WORK INSTRUCTION
Write the listing below out again exactly, dropping the images.

DATA SHOWN
******************************

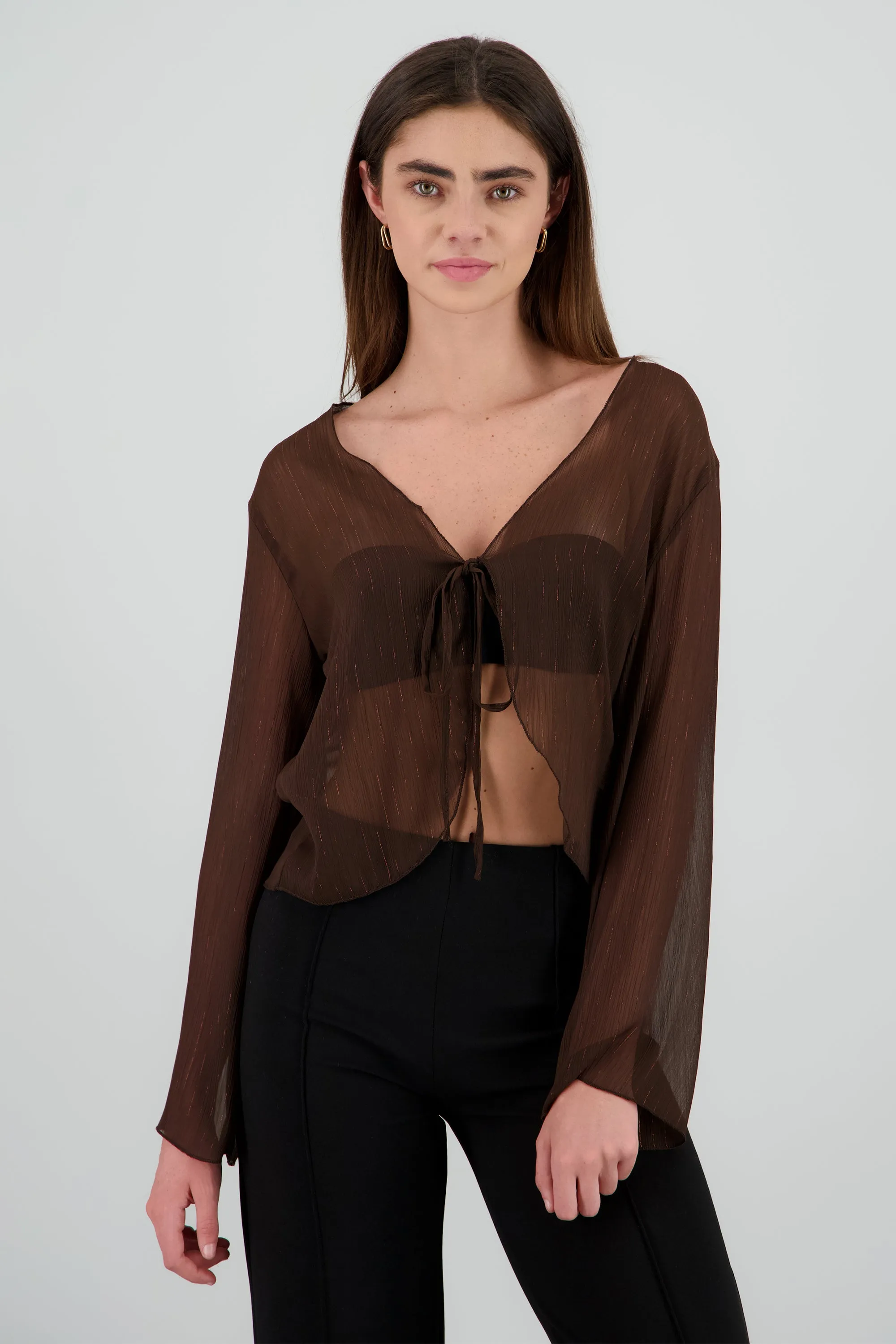 Blusa con transparencia detalle lurex sold by Shasa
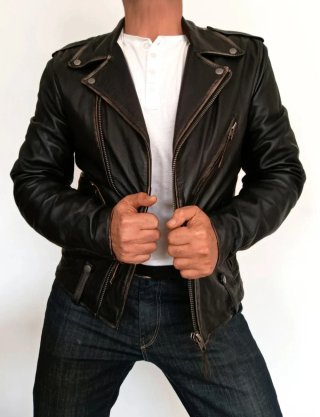Chupa cuero auténtico heavy rock M Medidas indicad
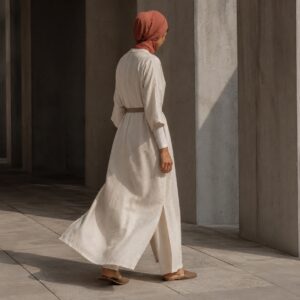 Selborne longline tunic — Tunics & Overtops by RUQYAH. worn by a model.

******************************

YOUR RESPONSE
 Blusa con transparencia detalle lurex sold by Shasa
Chupa cuero auténtico heavy rock M Medidas indicad
 Selborne longline tunic — Tunics & Overtops by RUQYAH. worn by a model.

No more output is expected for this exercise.